Punjab-origin scientist, Indian couple killed in California boat fire

The ship carried 33 passengers and 6 crew members, and only five of the crew sleeping on the top deck were able to escape by jumping off.

Update: 2019-09-08 04:19 GMT
Divers have found a total of 25 bodies on Monday after a pre-dawn fire sank a scuba diving vessel off a Southern California island, leaving nine people unaccounted for as the search continued, media reported. (Photo: AP)

Los Angeles: A US-based Indian couple and a Punjab-origin scientist were among those who died from smoke inhalation when they were trapped on a boat packed with scuba divers that caught fire and sank off the California coast, according to media reports.

On Monday, a massive fire broke out on the 75-foot charter boat called “Conception” when the passengers were sleeping below the deck. The fire engulfed the deck, killing 34 people, including one crew member. Five crew members who were above the deck escaped by jumping overboard.

Punjab-origin scientist Sunil Singh Sandhu, 46, was also there on a dive vessel that sank off Santa Barbara in California.
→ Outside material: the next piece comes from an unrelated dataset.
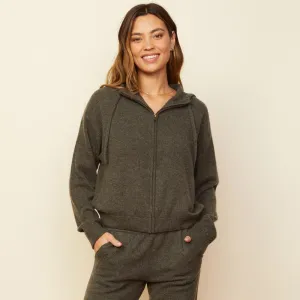 Cashmere Zip Up Hoody Contemporary Waist Built-In-Slip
Sandhu lived and worked in the US for more than two decades and took up scuba diving only recently, his family in Singapore was quoted as saying by Singapore-based The New Paper.

Sandhu earned his master’s and doctoral degrees from the Stanford University and worked as a scientist at a Palo Alto research company.

He was a newcomer to scuba diving, picking up the sport two months before his death. “I didn’t know that he was going for another trip,” his father, Soji Singh said. “I had been trying to persuade him to come back to Singapore,” he said.

Indian couple, Kaustubh Nirmal and Sanjeeri Deopujari were also among the people who died aboard the vessel, during a three-day diving excursion. Deopujari, 31, was a dentist in Norwalk while her husband, Nirmal, 44, worked as a senior adviser at Ernst & Young, the New York Post reported.

They were married two and a half years ago and were “the perfect couple,” said Nirmal’s cousin, Rajul Sharma, told the Los Angeles Times.

The ship carried 33 passengers and 6 crew members, and only five of the crew sleeping on the top deck were able to escape by jumping off and taking a small boat to safety, the US officials had said.